MHP GRUBU ADINA CUMALİ İNCE (Niğde) - Sayın Başkan, değerli milletvekilleri; geçtiğimiz hafta ülkemiz genelinde ve özellikle Niğde, Nevşehir ve Aksaray illerimizde yaşanan şiddetli zirai don olayına dikkat çekmek için söz almış bulunuyorum.

Çiftçilerimiz ülkemizin gıda güvencesini sağlayan en önemli paydaşıdır. Onların yaşadığı her kayıp sadece kendi hanelerini değil toplumun tamamını ve gelecek nesillerin gıda güvencesini de doğrudan etkilemektedir.

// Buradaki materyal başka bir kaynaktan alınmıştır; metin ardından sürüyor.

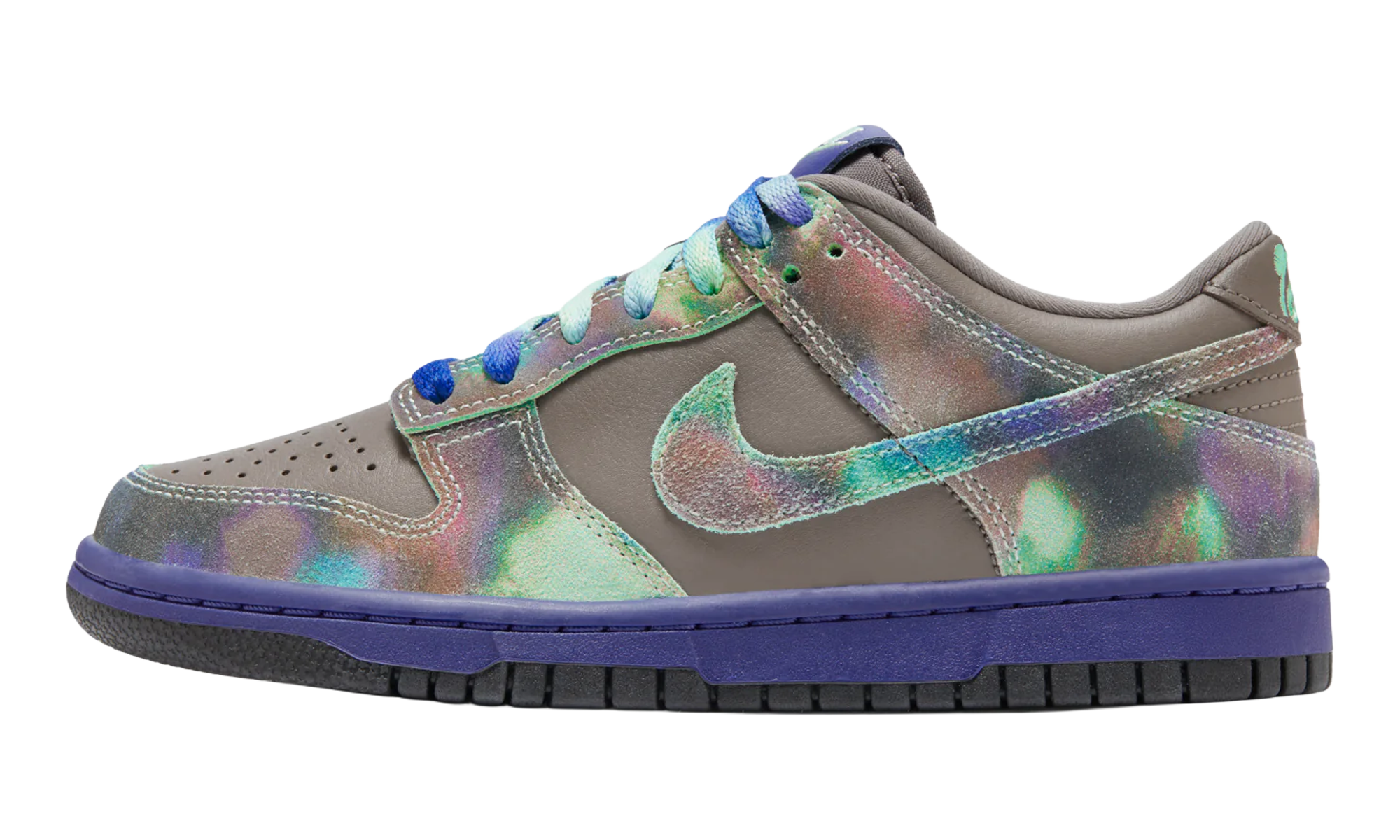 Dunk Low SE GS "Panda-Monium Cave Stone" HQ9294 200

Bu nedenle, çağrım, siyasi görüşlerden bağımsız bir şekilde tüm partilerin ve milletvekillerinin ortak bir irade sergilemesidir.

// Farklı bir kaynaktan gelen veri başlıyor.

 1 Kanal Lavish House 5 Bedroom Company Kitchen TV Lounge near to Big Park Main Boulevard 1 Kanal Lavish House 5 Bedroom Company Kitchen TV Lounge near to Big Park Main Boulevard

Niğde ilimiz başta olmak üzere 36 ili etkileyen bu doğal afet hepimizi derinden üzmüştür. İlimizde eksi 17 ila eksi 18 dereceye kadar düşen hava sıcaklıkları başta elma, kiraz, şeftali, erik, üzüm ve ceviz gibi bölge ekonomisi açısından kritik öneme sahip ürünlerde yüzde 70 ila yüzde 100 arasında değişen bir oranda ciddi hasara neden olmuştur. Bu ürünler, yalnızca Niğde'nin değil ülkemizin ihracat ve iç piyasa dengesi açısından da stratejik öneme sahiptir. Ürün kayıplarının sadece tarımsal üretimle sınırlı kalmadığı, aynı zamanda taşımacılıktan ambalajlamaya, tarım işçisinden esnafa kadar geniş bir etki zinciri oluşturduğu da unutulmamalıdır. İl Tarım ve Orman Müdürlüğümüz, tüm personeliyle, sahada aktif olarak hasar tespit çalışmalarını yürütmektedir. Takriben bir ay sürecek bu çalışmalar sonucunda ilgili bakanlıklarımız ve Meclisimiz üzerine düşen sorumluluğu yerine getirecektir; buna yürekten inanıyorum. Bu noktada en önemli beklentimiz, hasar tespitlerinin tamamlanmasının ardından, üreticilerimizin yaşadığı kayıpların hızlı ve etkin bir şekilde telafi edilmesidir çünkü bu destekler sadece çiftçimizi değil, ülkenin ekonomik yapısını, tarımın sürdürülebilirliğini ve kırsal yaşamın devamlılığını doğrudan etkilemektedir.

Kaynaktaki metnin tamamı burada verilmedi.